Are Florida's New School Security Requirements Making Campuses Feel Safer? Listeners Weigh In.

Jan 7, 2019

Jessica Levenson remembers the armed guards with bullet proof vests and rifles on campus after the Marjory Stoneman Douglas High School shooting. 

"It made me feel unnerved," she said. 

She said it made Nova High, in Davie, feel more like prison than high school. 

Despite appreciating the extra security, which the Florida Legislature implemented to make school campuses feel safer, she felt less secure.  

It's been almost one year since the Parkland school shooting and some families are still reeling from the massacre. WLRN asked parents in the community how they and their children have responded to the extra security measures on campus. Here's what some of you had to say: 

Eileen Maltese in Coconut Creek doesn't worry about having an extra officer at school; there was one there before the Feb. 14 shooting. Instead she's more concerned about security at the front gate.

"The school's front doors are wide open, not just unlocked," she wrote WLRN. "The side doors are often left propped open and classrooms are not always locked."

John Mehew and his wife, Vanessa Newton Mehew, have two elementary-school-aged children in Parkland, who are 8- and 11-years-old.
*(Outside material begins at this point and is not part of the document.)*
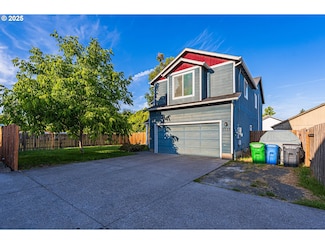 1131 Veronica Ln, Eugene, OR 97404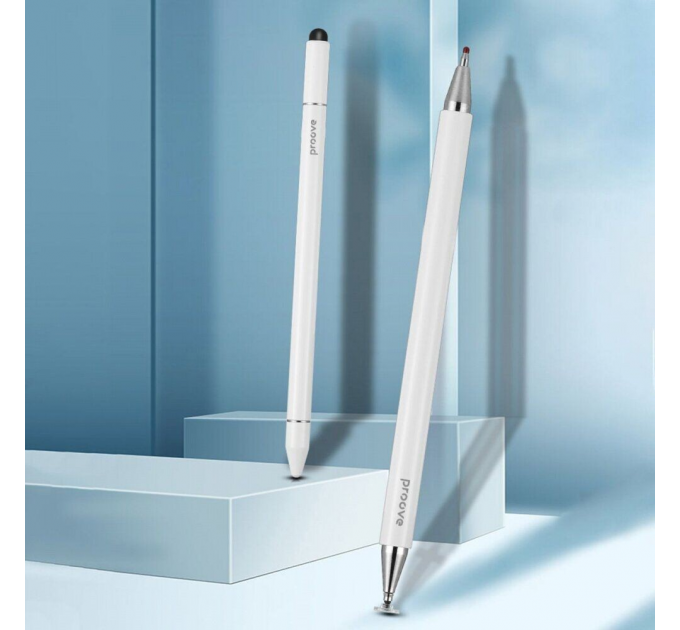 Стилус Proove Stylus Pen SP-02 White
In the immediate aftermath of the Feb. 14th shooting, her boys, Jake and Alec, didn't go to school for 15 days.

"The classes were empty," she wrote to WLRN via Facebook messager. She said she and her family "felt exposed" because there was "no safe place to live or go to school."

For weeks after the shooting, her kids, she said, were scared. When they did eventually go back to class, it was anything but normal. There was a one bomb threat close to campus, multiple lockdowns and drills on the regular. 

Vanessa Newton Mehew said her children didn't feel safe until their family, who owns a bullet resistant protection company, contributed a polymer protection for the windows and doors of the building. But for the six months between when extra officers arrived on campus and when the bullet resistance polymer was installed, she said it was hard.

Lindsey MacGruer pulled her daughter out of a private school because she thought the school had lax security policies. There was no armed guard. 

"I am disappointed with how little the private school we left did to respond to Marjory Stoneman Douglas," she told WLRN. "But I've been thrilled with how our new school has responded."

She moved her daughter to a school with "stringent security, including an armed SRO on campus at all times.

My daughter's first code red was tough, but through monthly practice drills, it has become a bizarrely normal part of her educational routine," she said.